It's very important.
(first, read this article by Josh Breinlinger - http://acrowdedspace.com/post/47647912203/a-critical-but-ignored-metric-for-marketplaces)
The way you achieve success in a marketplace is by driving liquidity for both your supply & demand.
Demand-side Liquidity = When users come to your marketplace, they can achieve their goals.
Supply-side Liquidity = When supply comes to your marketplace they can achieve their goals... which are almost always to make money.
If you're making a large amount of your supply-side users a full-time income, then you're helping them achieve liquidity.
Now it's not so black and white and it doesn't always have to be a "full-time income." It depends what their goals are.
1) At Airbnb, renters aren't looking to quit their day jobs and become landlords full-time... they're just look to earn a substantial amount of income to offset their rent, mortgage, etc. So in this case, I would probably goal on # of renters that earn >$500 / month... and (in the first 1-5 years) try to grow this number by 10-20% MoM... and maybe by just 5% once you're in the mid-high tens of millions in yearly revenue.
2) At Kickstarter, the goal of the supply-side is to get their project successfully funded.

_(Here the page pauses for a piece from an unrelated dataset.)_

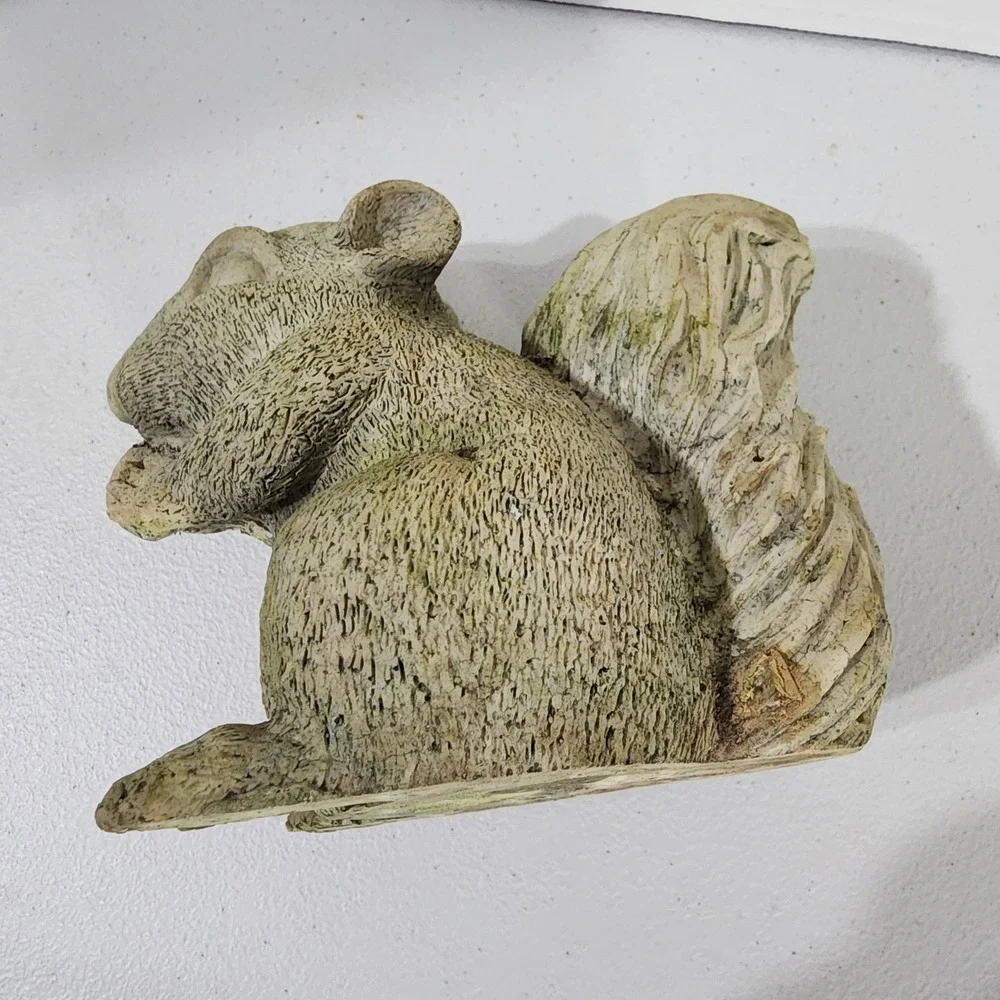Vintage Stone Look Resin Squirrel Figurine Garden Statue Moss Green Decor 5 Inch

They don't care if the project creator is "full-time"... they just want to make sure they meet their funding goal. This is why they talk about their 44% project success rate all the time - http://www.kickstarter.com/help/stats
3) At Udemy, our instructors want a substantial amount of their income to be driven from their Udemy course earnings... so we look at how many instructors are earning >$2k / month.
Need more info in your question. Is it so that you the marketplace owner can make a living, or the suppliers?

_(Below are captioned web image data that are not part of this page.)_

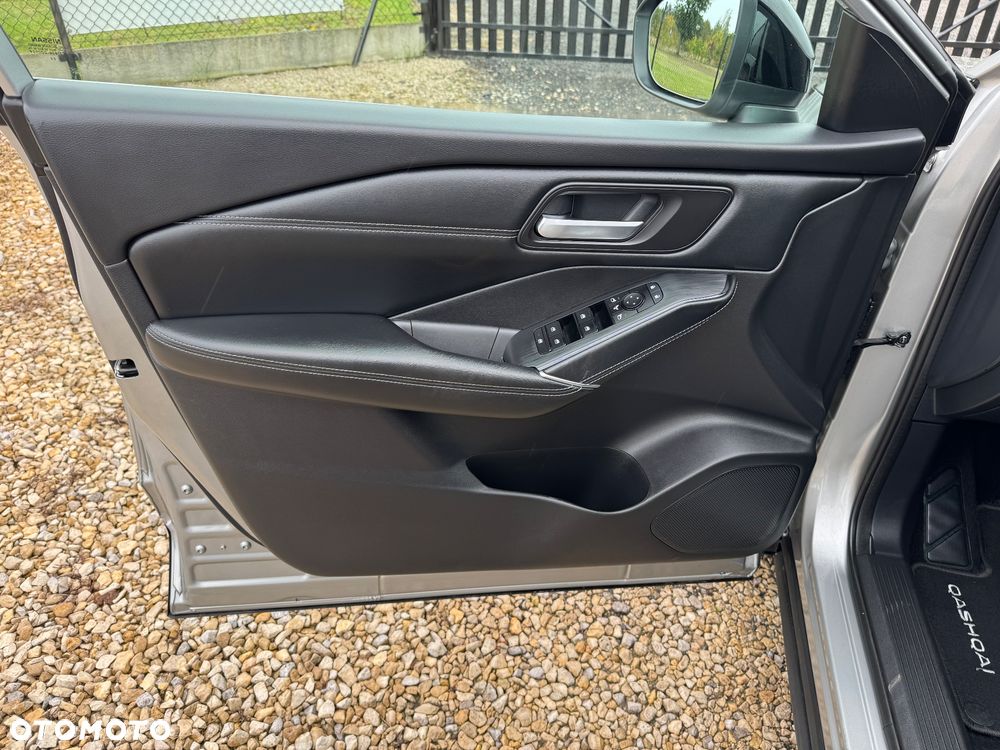 Nissan Qashqai 1.3 DIG-T N-Connecta DCT - 25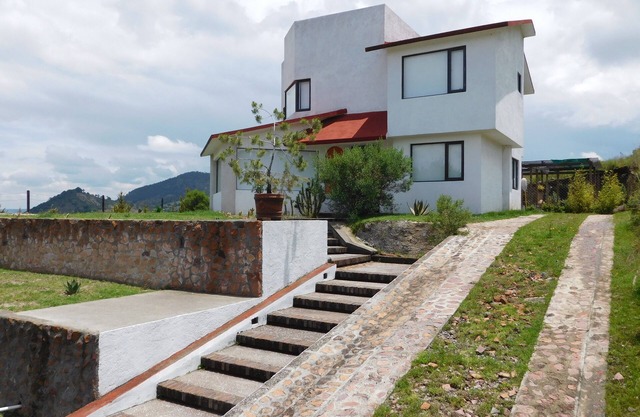 Off-grid Getaway House, Cozy & Spacious! Excellent view of Ixtlahuaca Valley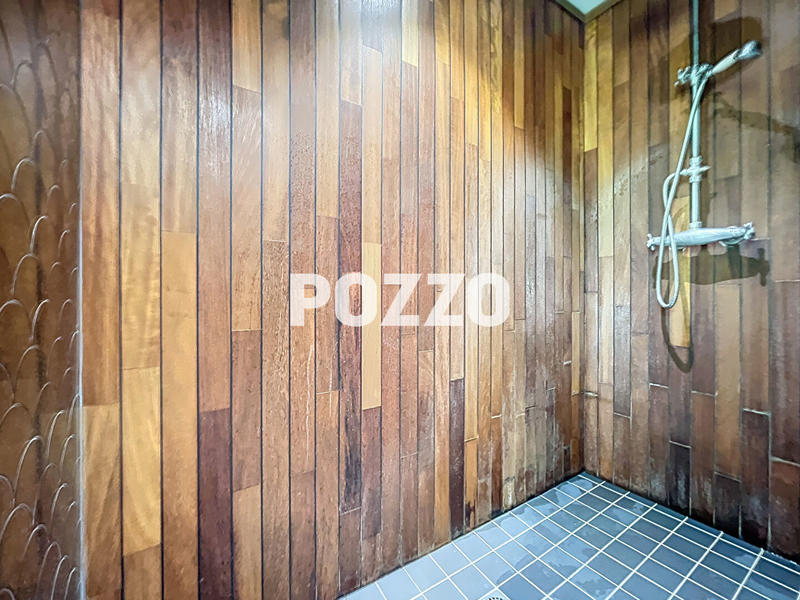 Maison - 138 m² - 5 pièces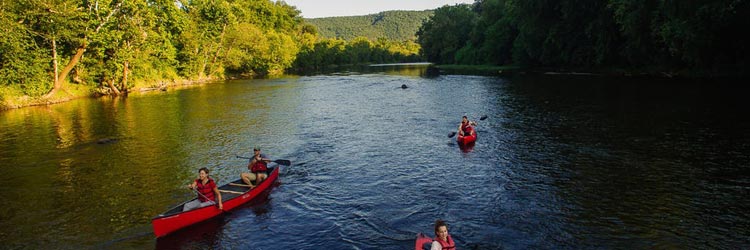 Canoe and Kayak on the James River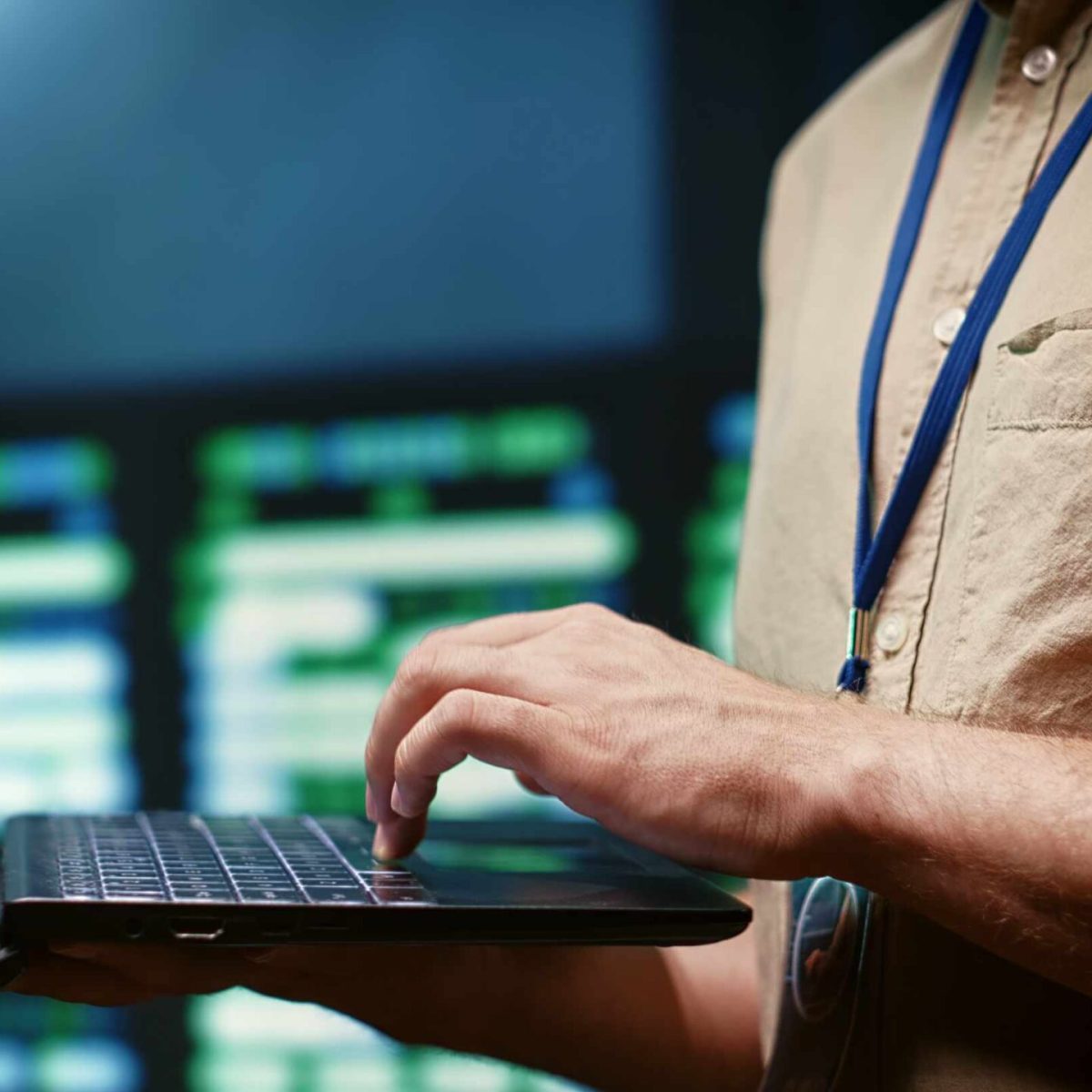 Técnicos de soporte informático para empresas en Sevilla especializados en ofrecer un servicio integral con soluciones adaptadas a tus necesidades.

Obviously the value of a marketplace is liquidity for both demand and supply. However, suppliers are more likely to bear the cost of "waiting" for demand, since they are the ones trying to make a buck (and because "those with the gold make the rules").

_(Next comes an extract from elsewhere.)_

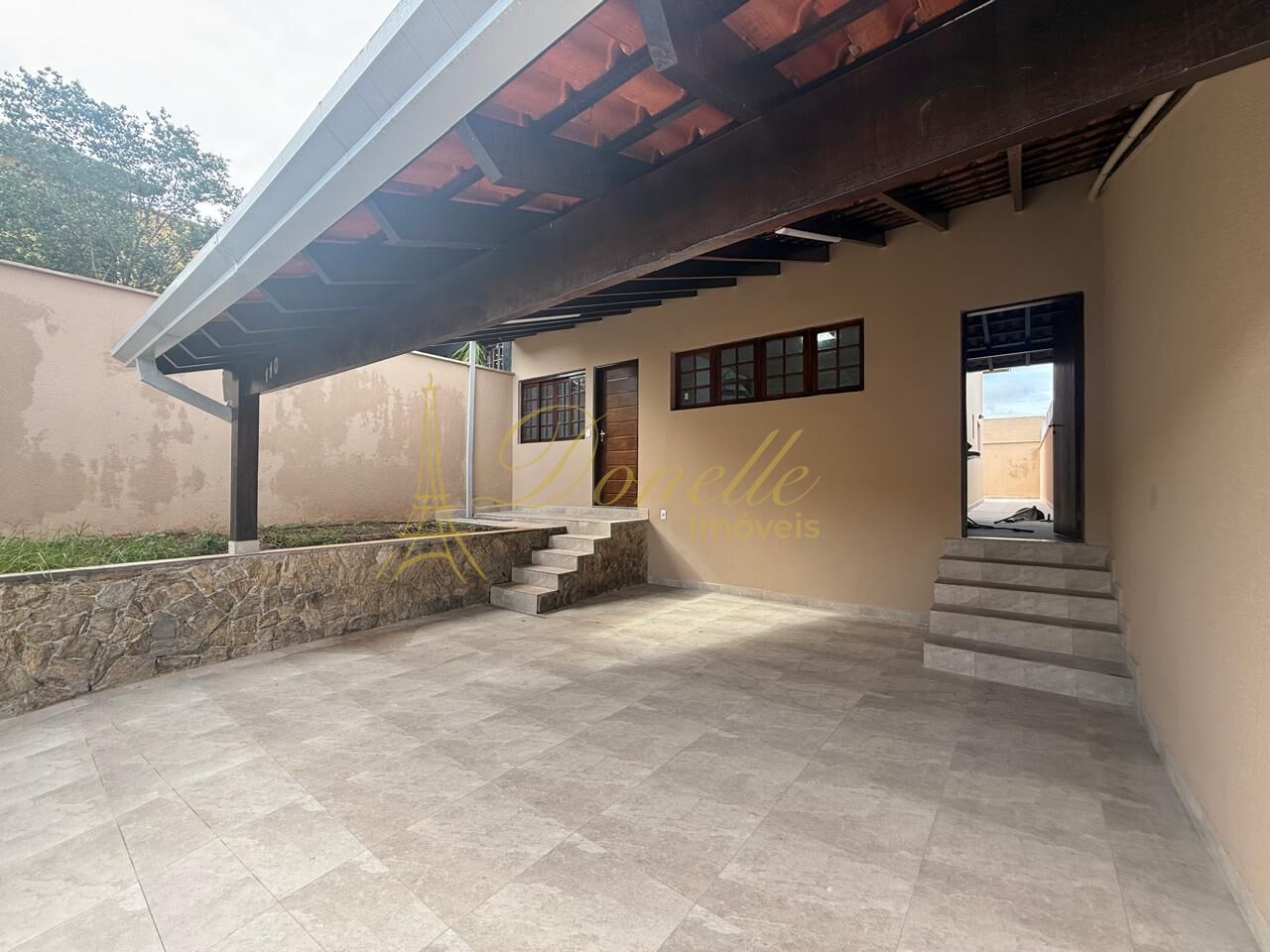Casa, 4 quartos, 130 m² - Foto 1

If you can build your marketplace in such a way that sellers are able to embrace it without immediate gratification (e.g. no opportunity cost to the seller), then you can build up supply to then take to the demand side.
It's a tough balancing act, kind of like "walking" a big piece of furniture across the room.
The answer depends on several factors, but much comes down to what alternatives they have. If it's costless for sellers to join your platform, and they are able to join competing platforms (multihoming, in the lingo of two-sided marketplaces) or earn money in other ways, then there's no need for them to make a full-time living off selling on your platform. On some classic platforms--including eBay--many sellers are happy to participate as a sideline.